Adult trustee Andy Devey said the youth council members hope their latest project – for which they must raise at least £140,000 – would make them the first ever three-times winner of the prestigious award. It is presented each year by Frances Lawrence in memory of her headteacher husband, who was murdered in 1995 outside his school in London by a gang who had tried to attack one of his pupils.

The Wiltshire youth council members won their first Philip Lawrence award in 2006 for their BMX project and again in 2010 for transforming part of the village’s former public conveniences into an internet café where the young people continue to give computer training to older villagers.

Last year, with the help of local benefactor Brian Kingham, the youth council bought a building in the centre of the village including a shop which, said Mr Devey, it intends to turn into a charity shop.

The income would be shared between local organisations, as in the case of Hills Stores in Ramsbury which the village acquired and which has raised tens of thousands of pounds for local organisations.

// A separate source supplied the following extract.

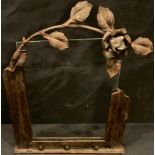 An Arts and Crafts wrought iron photograph frame, early 20th century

Village SOS – the lottery fund that came up with the money two years ago for villagers in the Pewsey Vale to buy the lease on The Barge Inn to keep it open as a village pub – has given the youth council at Aldbourne £30,000 towards the refurbishment of the shop.

The youth council applied for the grant under the name of Village Junction because it wants the shop to both raise funds and also be a place where local people and organisations can meet, explained Mr Devey.

In a joint statement with AYC’s other adult trustee, Hazel Keen, Mr Devey said: “This will be a huge boost to our fundraising and will help with future grant applications.”

The youth council will need something like £140,000 to fully restore the dilapidated 18th-century building which stands at the junction of The Square with West Street and which has been semi-derelict for many years.

Mr Devey said: “We still need another £70,000 so that we can get that part of the building restored and get the shop open.”

Marlborough Area Board recently awarded a grant of £5,000 for the project and Mr Devey said AYC was about to apply for landfill tax credit funding and had applied to North Wessex Downs AONB for grant aid.

“Once we can get the shop open it should provide an income which will help pay for the rest of the building to be restored,” said Mr Devey, adding that eventually AYC wanted to move its CAN internet café into the building.